For Moyes you can't help but feeling sorry. Not an easy sentence to write that, after my years of recriminative bile aimed at Manchester United and the puce Scotsman who did his level best to annoy all around him, while leading the club to an unprecedented 22 league titles.
Bereft of the troubled Wayne Rooney and the motivationally questionable Robin van Persie, and with club captain Nemanja Vidic and the similarly relative veteran Patrice Evra ageing before our very eyes, it is clear what ails Manchester United this season. You could see it in Vidic's half-hearted efforts to gee up his colleagues in the United backline, as Chelsea's quixotic midfielders, Eden Hazard, Oscar and Willian ran rings around them, while Samuel Eto'o - himself a shadow of the once breathtaking talent at Barcelona - pulled off a hat-trick of audacious cheek.
But perhaps the greatest insult to Moyes' pride came four minutes before Phil Dowd blew his whistle for a final time, when José Mourinho, who had clearly seen enough, headed for the tunnel with a jaunty skip, not before throwing a consoling arm around his opposite number's slumping shoulder.

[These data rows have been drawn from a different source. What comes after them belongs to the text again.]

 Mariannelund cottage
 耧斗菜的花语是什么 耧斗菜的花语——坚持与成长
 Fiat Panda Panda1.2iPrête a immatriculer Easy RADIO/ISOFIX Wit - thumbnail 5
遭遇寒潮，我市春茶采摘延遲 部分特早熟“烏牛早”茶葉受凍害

Chelsea's defeats at the hands of Manchester United have left a long and stinging tail. My teeth still grind at the memory of 1994’s 4-0 FA Cup Final humiliation, one I had to endure twice - once at the old Wembley Stadium, and again when I turned up for a night shift at Teletext to find the day shift editor I was taking over from was a rampant Manchester United fan, patently beside himself with glee as I walked up the steps to the mezzanine-level newsroom.

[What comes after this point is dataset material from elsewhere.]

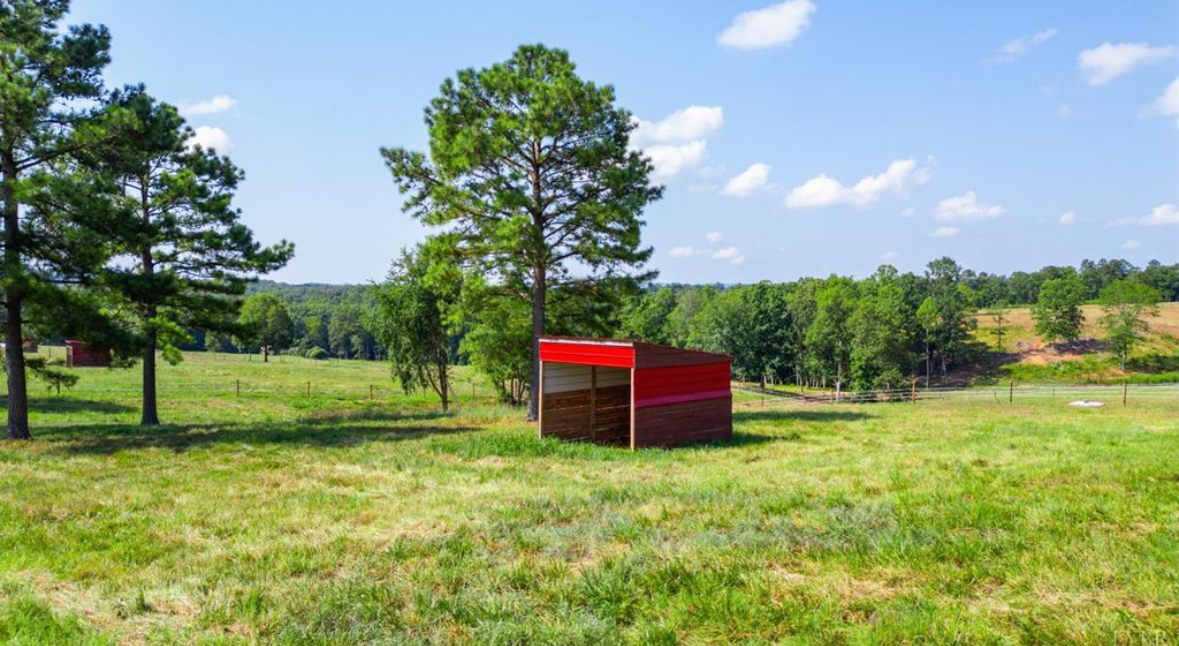 Run in Shed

But there was something weird and pale in the victory this afternoon at Stamford Bridge. This wasn't the capricious Manchester United of old, but a misshapen collective lacking cohesion in some places, experience in others, and the sort of bag of tricks that Sir Alex Ferguson seemed to refresh whenever the fancy took him.

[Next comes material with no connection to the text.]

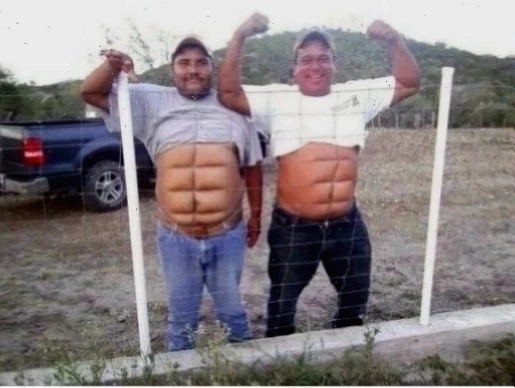 Thỏ tập gym Chú thỏ với bụng 6 múi meme đáng yêu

Many have scratched their heads over how SAF could lead more or less the same team to their 22nd title at a canter and yet barely eight months later they are looking ragged. But let's entertain the ridiculous here: Fergie spent much of his final couple of seasons resolutely maintaining that he wouldn't be retiring just yet. And then he just did. Is it just possible that the wily old git saw the end coming for the squad he'd evolved? All good things come to an end - just ask Liverpool at the beginning of the 1990s. And even the juggernaut that has been Manchester United, winning titles and outspending its rivals on the biggest and the best, can't go on forever.
Not that it's over. But with Manchester City scoring goals for fun, Arsenal defying expectations and hanging on to the Premier League top spot, and the wily Mourinho underpinning a pragmatic Chelsea that is maintaining pace with the league leaders, while Liverpool are at least keeping in touch with Champions League places, the playing field has been leveled this season, with Manchester United reduced to mere competitors, as opposed to swaggering champions-elect.
Talk of David Moyes getting the sack is, quite frankly, ludicrous. He"ll do fine, I'm sure. But, first, he needs to spend to replace the aged legs, instill the self-confidence and cohesive discipline so obviously lacking, and find a way to nurture the junior talent that could be the core of Manchester United's next golden generation.